I agree with Behdad that the dotted circle has to be inserted before reordering. In my observation with Balinese, CoreText and DirectWrite agree with HarfBuzz as well: a stand-alone pre-base vowel is rendered before the inserted dotted circle by all three engines.

A second practical reason why doing it after completing GSUB application is too late: Multi-script fonts may need to replace dotted circles with script-specific versions, because marks may need to attach at different anchor positions per script or because bases in one script have their baseline shifted relative to those of other scripts.

My interpretation of the “Defective clusters” section of the existing document text actually is that the dotted circle is inserted as part of validation, that is, before any feature application.

NorbertLindenberg commented 5 years ago

@xadxura Could you add this footer to your description so that the issue shows up on the USE documentation page? Thanks.


Document Details

Do not edit this section. It is required for docs.microsoft.com ➟ GitHub issue linking.

lianghai commented 5 years ago

I agree that dotted circles can be inserted during GSUB as long as that happens after the “basic cluster formation GSUB” stage. “[A]t the beginning of reordering phase” sounds appropriate.

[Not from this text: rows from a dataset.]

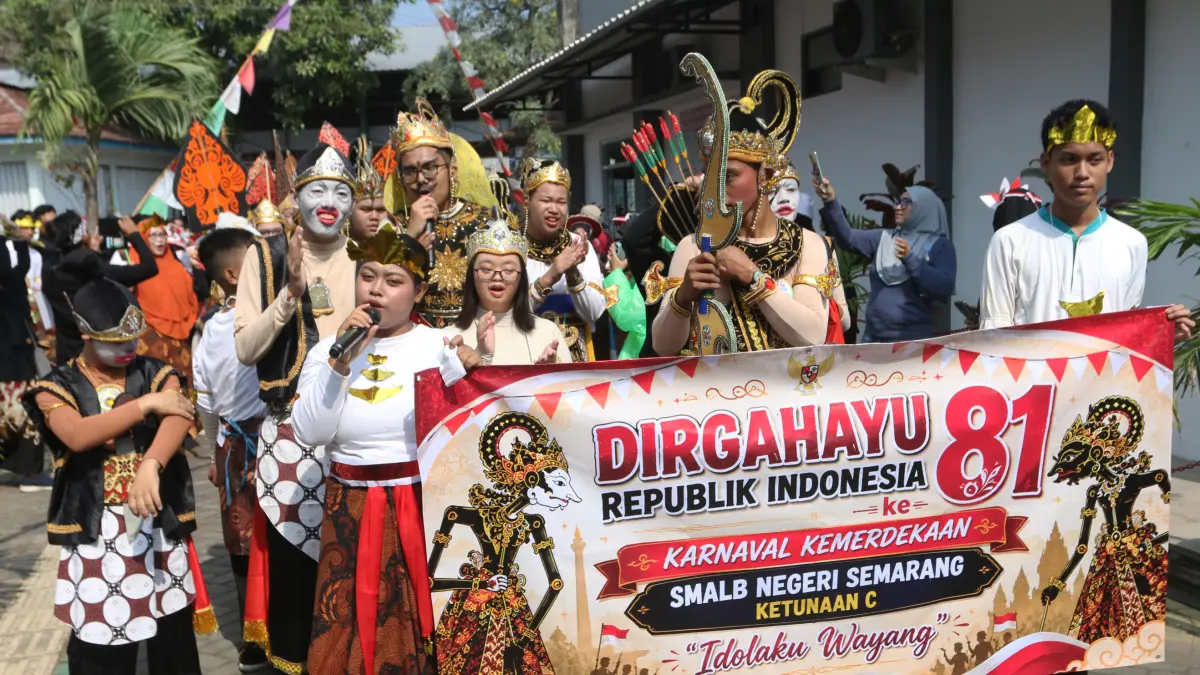 Siswa dan Guru mengikuti karnaval HUT ke-81 Kemerdekaan RI dengan Kostum Wayang di SLB Negeri,Kota Semarang,Jawa Tengah,Kamis(20/8/2026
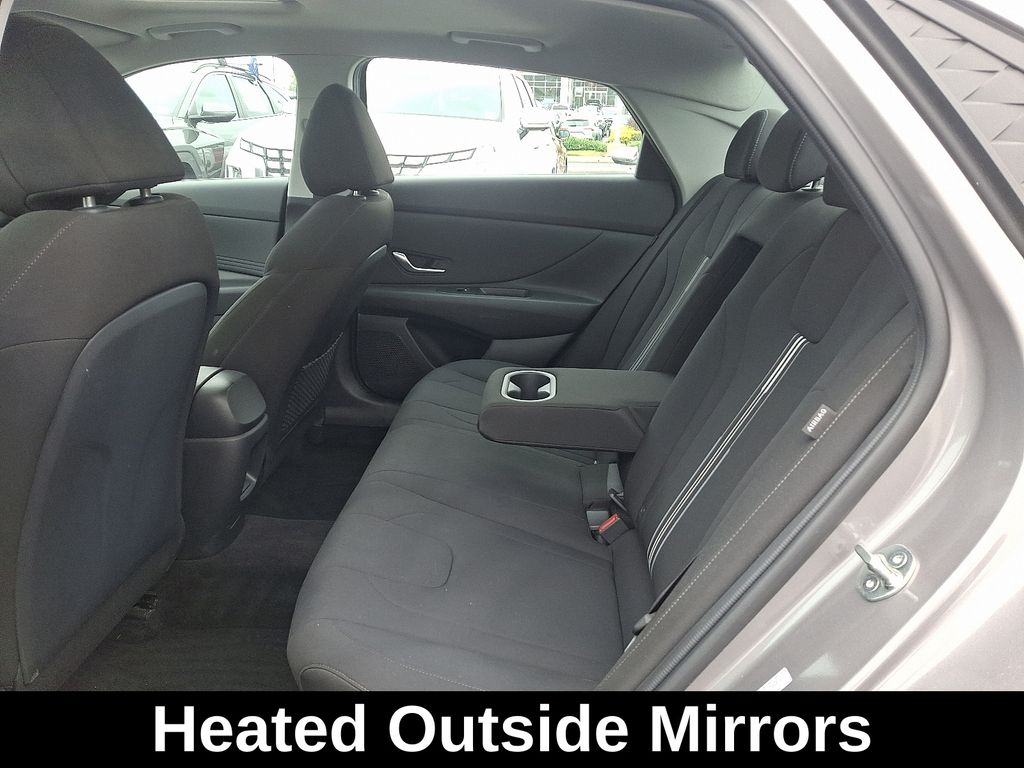 2024 Hyundai Elantra SEL - Photo 11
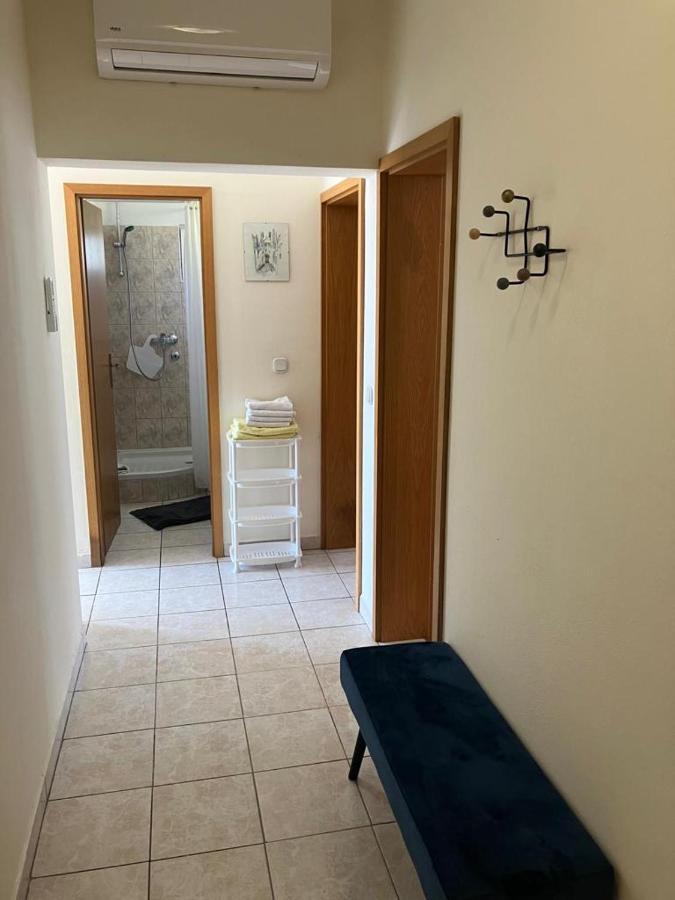 Apartmani Fani 2 Min Walking From Sea Orebic Exterior photo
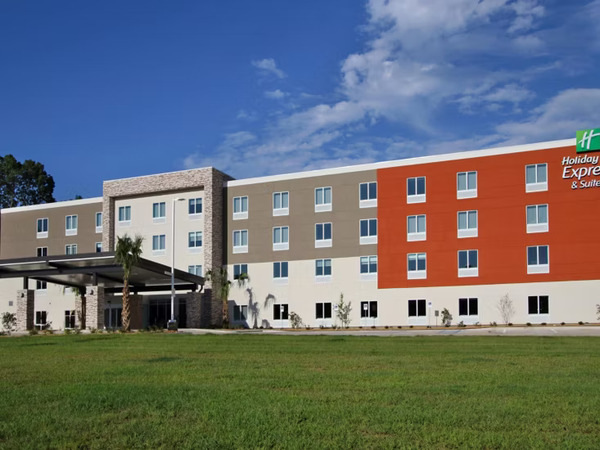 Holiday Inn Express & Suites Columbus North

We need to prevent unintentional behavior of the inserted dotted circle like this: https://github.com/n8willis/opentype-shaping-documents/issues/76, but it’s a real glyph in the glyph sequence and should not just avoid any GSUB.

I don’t think the dotted circle “has to be inserted before reordering” though, as if necessary, a shaper can first insert a placeholder/surrogate of the dotted circle for reordering purpose.

A second practical reason why doing it after completing GSUB application is too late: Multi-script fonts may need to replace dotted circles with script-specific versions, because marks may need to attach at different anchor positions per script or because bases in one script have their baseline shifted relative to those of other scripts.

@NorbertLindenberg: Mmm, we need better use cases. These two sound like something that should be done in GPOS. Different scripts’ marks (actually, not necessarily from different scripts), when need to be positioned on a base differently, should simply have differentiated anchors. A script/languagesystem-controlled GPOS should shift the dotted circle glyph for the needs of a variable baseline. Using GSUB for such needs sounds like a hack…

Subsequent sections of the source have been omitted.